Je ne puis vous peindre, seigneurs, l’effet de ce discours prononcé à la lueur des flambeaux, sur une bruyère, près d’une tombe, dans le sang des taureaux mal égorgés, qui mêlaient leurs derniers mugissements aux sifflements de la tempête : ainsi l’on représente ces assemblées des esprits de ténèbres que des magiciennes convoquent la nuit dans les lieux sauvages. Les imaginations échauffées ne laissèrent aucune autorité à la raison. On résolut, sans délibérer, de se réunir aux Francs. Trois fois un guerrier voulut ouvrir un avis contraire, trois fois on le força au silence, et à la troisième fois le héraut d’armes lui coupa un pan de son manteau.
Ce n’était là que le prélude d’une scène épouvantable. La foule demande à grands cris le sacrifice d’une victime humaine, afin de mieux connaître la volonté du ciel. Les druides réservaient autrefois pour ces sacrifices quelque malfaiteur déjà condamné par les lois. La druidesse fut obligée de déclarer que, puisqu’il n’y avait point de victime désignée, la religion demandait un vieillard, comme l’holocauste le plus agréable à Teutatès.
Aussitôt on apporte un bassin de fer sur lequel Velléda devait égorger le vieillard. On place le bassin à terre devant elle. Elle n’était point descendue de la tribune funèbre d’où elle avait harangué le peuple, mais elle s’était assise sur un triangle de bronze, le vêtement en désordre, la tête échevelée, tenant un poignard à la main, et une torche flamboyante sous ses pieds. Je ne sais comment aurait fini cette scène : j’aurais peut-être succombé sous le fer des barbares en essayant d’interrompre le sacrifice ; le ciel, dans sa bonté ou dans sa colère, mit fin à mes perplexités. Les astres penchaient vers leur couchant. Les Gaulois craignirent d’être surpris par la lumière. Ils résolurent d’attendre, pour offrir l’hostie abominable, que Dis, père des ombres, eût ramené une autre nuit dans les cieux. La foule se dispersa sur les bruyères, et les flambeaux s’éteignirent ; seulement quelques torches agitées par le vent brillaient encore çà et là dans la profondeur des bois, et l’on entendait le chœur lointain des bardes qui chantait en se retirant ces paroles lugubres :
« Teutatès veut du sang ; il a parlé dans le chêne des druides. Le gui sacré a été coupé avec une faucille d’or, au sixième jour de la lune, au premier jour du siècle. Teutatès veut du sang ; il a parlé dans le chêne des druides ! »

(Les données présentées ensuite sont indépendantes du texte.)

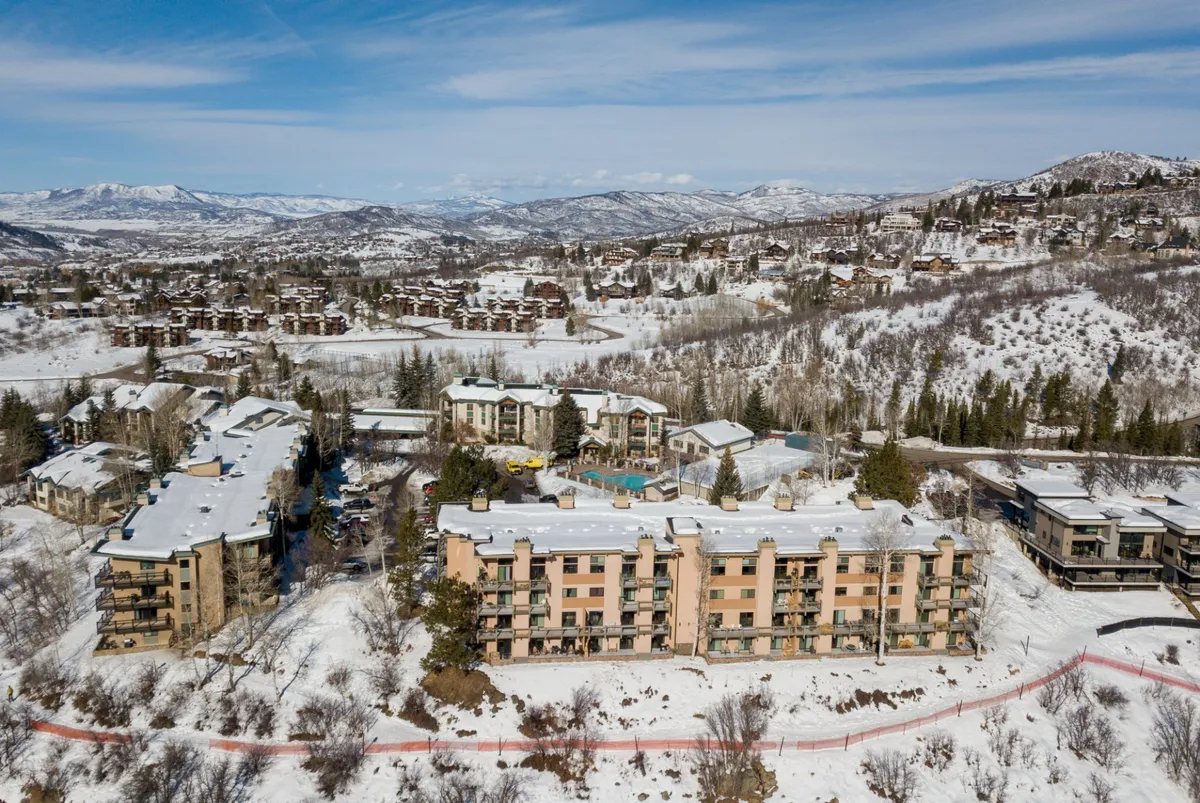 This exterior shot captures the condominium buildings framed by mountains and a prominent swimming pool area in the foreground. The pool is inviting and well-maintained, with the mountains providing a dramatic backdrop, suggesting a refreshing post-trail experience.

Je me hâtai de retourner au château. Je convoquai les tribus gauloises. Lorsqu’elles furent réunies au pied de la forteresse, je leur déclarai que je connaissais leur assemblée séditieuse et les complots qu’on tramait contre César.
Les barbares furent glacés d’effroi. Environnés des soldats romains, ils crurent toucher à leur dernier moment. Tout à coup des gémissements se font entendre : une troupe de femmes se précipite dans l’assemblée. Elles étaient chrétiennes, et portaient dans leurs bras leurs enfants nouvellement baptisés. Elles tombent à mes genoux, me demandent grâce pour leurs époux, leurs fils et leurs frères ; elles me présentent leurs nouveau-nés, et me supplient, au nom de cette génération pacifique, d’être doux et charitable.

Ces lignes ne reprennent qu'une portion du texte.